Mais il faut un troisième neutrino stérile pour pouvoir expliquer la quantité
de masse manquante formant la matière noire, et dont les caractéristiques sont liées à celles des deux premiers.
Il faut maintenant trouver un
moyen de trouver tout ce beau monde… Si
la masse des deux neutrinos stériles responsables de l’oscillation neutrinoique
est inférieure à 2 GeV, on devrait pouvoir en trouver la trace dans les grands
accélérateurs comme le LHC. Si elle est supérieure, ça se complique…
En fait, il se trouve que dans le
Neutrino Minimal Standard Model, si
ces neutrinos stériles ont une masse comprise entre 100 MeV et l’échelle électrofaible,
ils peuvent en plus générer l’asymétrie observée entre matière et anti-matière
(ce qu’on appelle le problème de la baryogénèse).

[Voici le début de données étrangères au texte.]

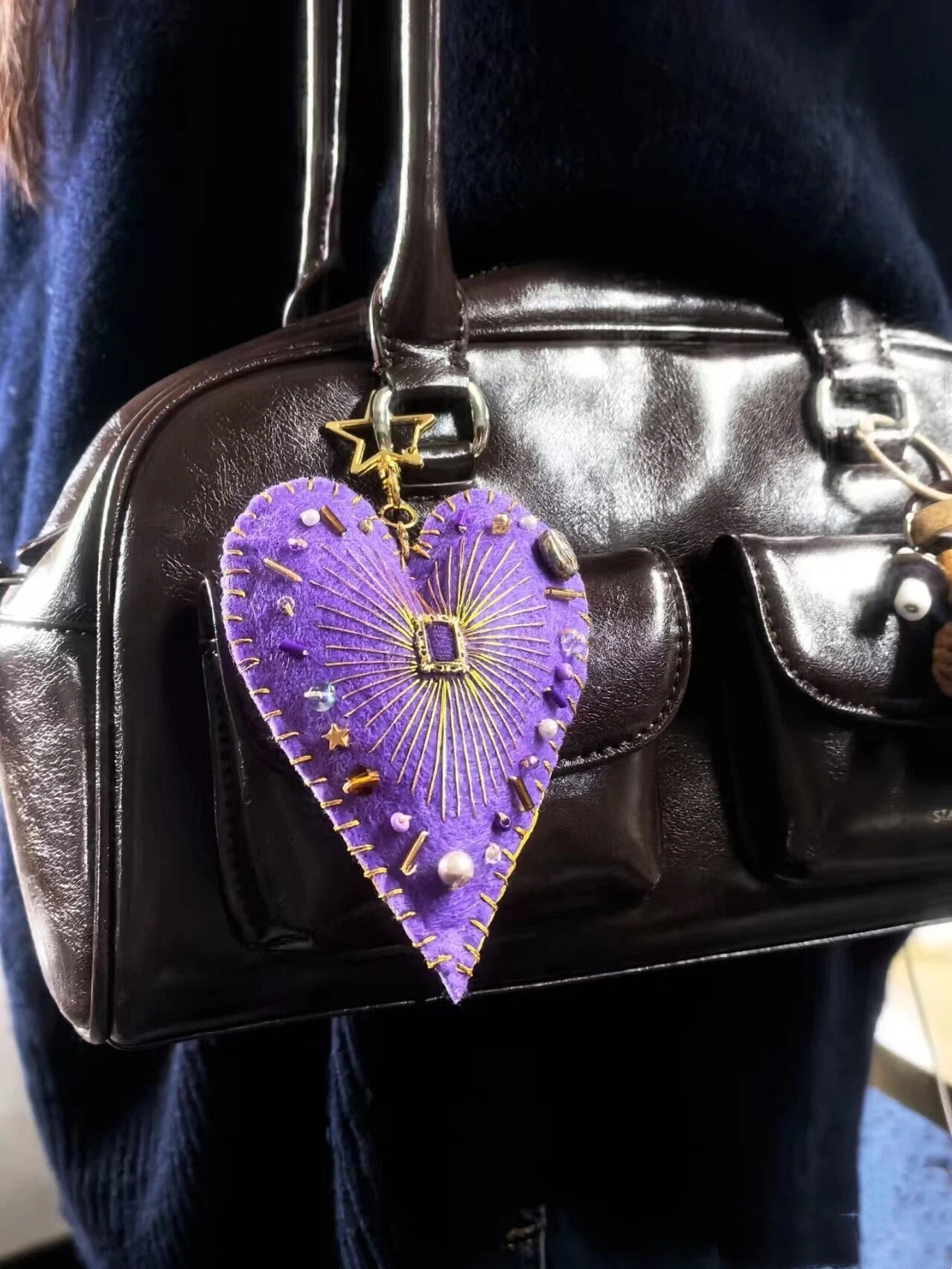Handmade Luxury Tone Felt Heart Charm for Backpacks & Daily Handbags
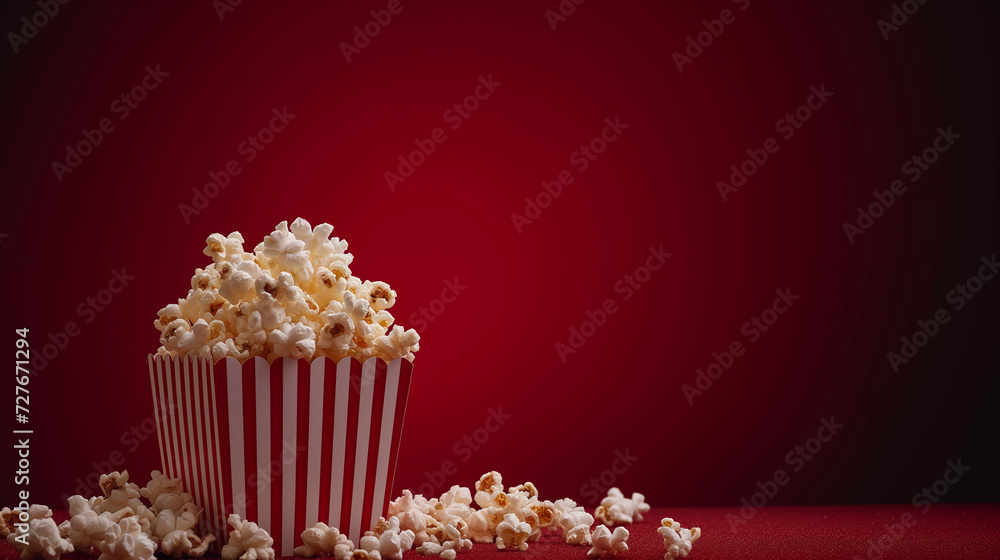 Popcorn in striped box on red background. Copy space for text.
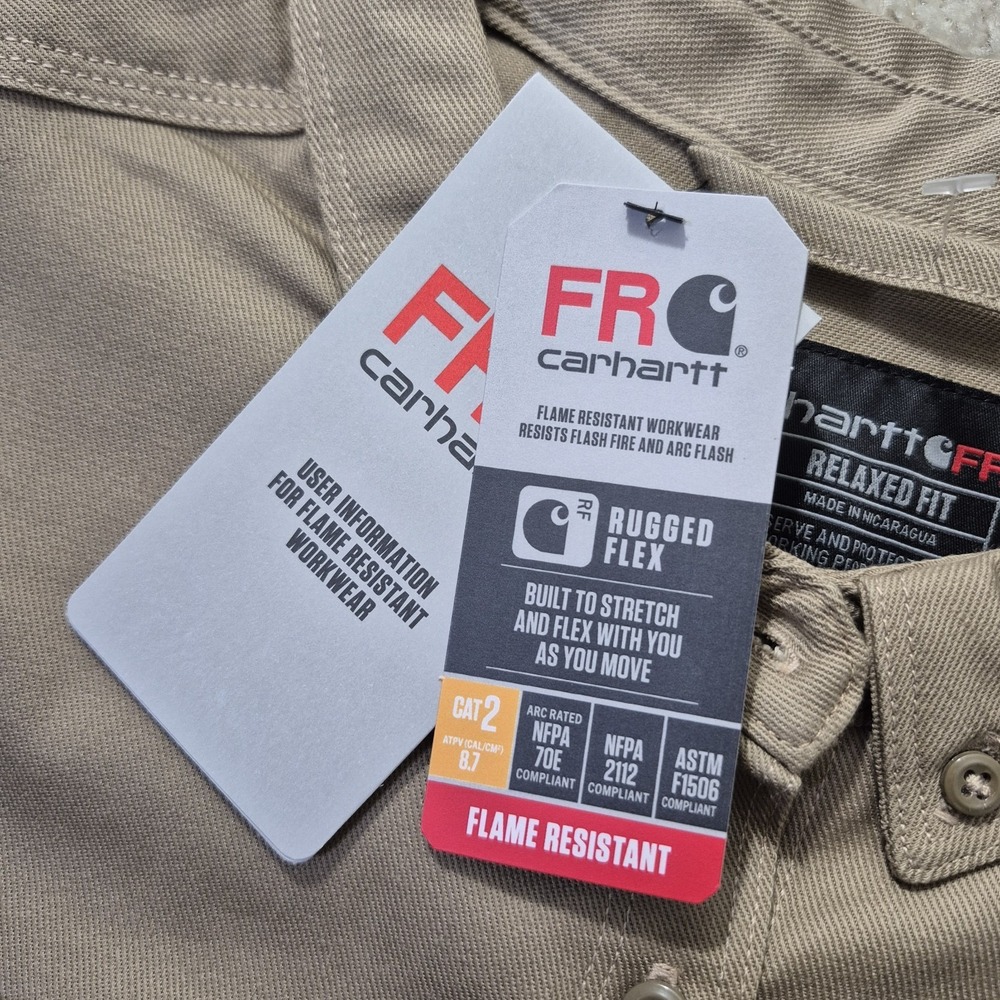 Carhartt FR Shirt Rugged Flex Twill Womens 2XL Khaki Flame Resistant Welder New - Picture 3 of 11
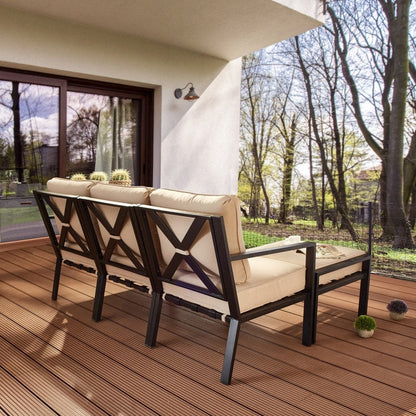 Set di divani da esterno Patio Festival X-Back da 5 pezzi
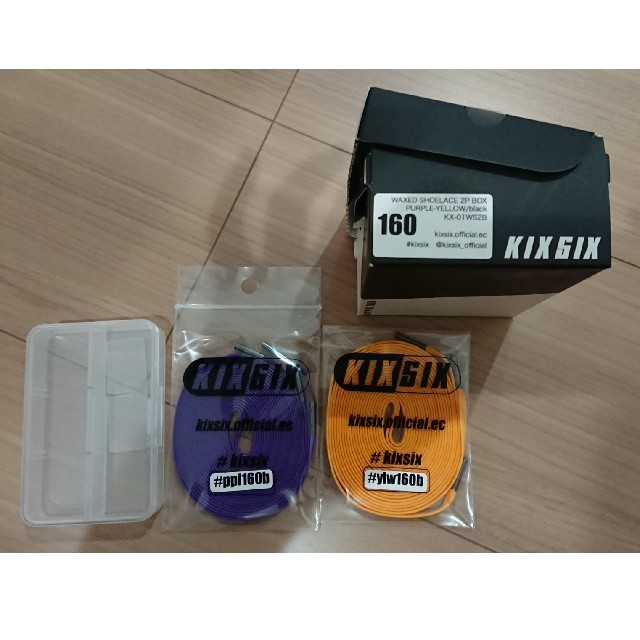 KIXSIX WAXED SHOELACE 2P BOX（黄＆紫）
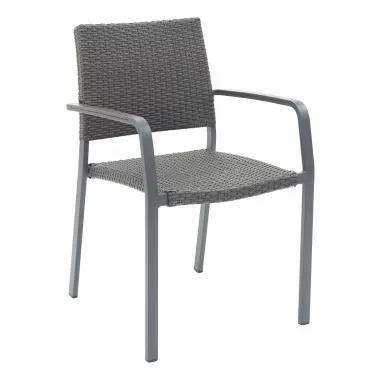 Aluminum Arm Chair W/ Gray Faux Teak Arms - AL-5725A - Anthracite Black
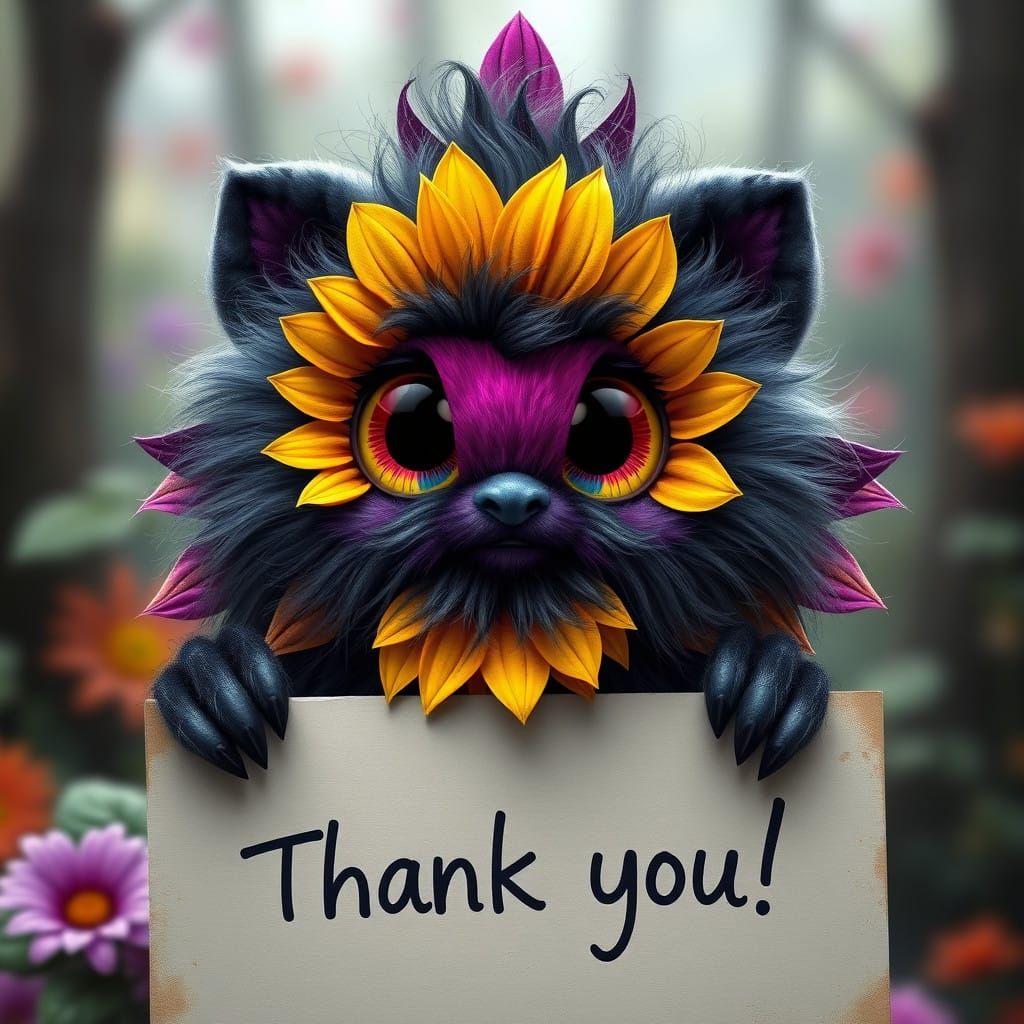 Surreal Creature of Whimsy with Vibrant Floral Accents and H...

L’enjeu
est donc colossal, les WIMPs peuvent aller se rhabiller…
La voie la plus simple pour
essayer de détecter ces neutrinos stériles, c’est sans doute en détectant leurs
désintégrations.
Car les neutrinos stériles n’ont pas besoin d’être
des particules stables. Même si leur durée de vie peut avoisiner l’âge de l’Univers,
il peut toujours y en avoir un certain nombre qui va se désintégrer, soit en un
trio de neutrinos et antineutrinos standards, soit en un couple neutrino
standard-photon gamma (photon mono énergétique, en plus, ayant une énergie égale à la moitié de la masse du neutrino stérile).
Et de nos jours, il n’y a rien de
plus facile que détecter un photon gamma, n'est-ce pas…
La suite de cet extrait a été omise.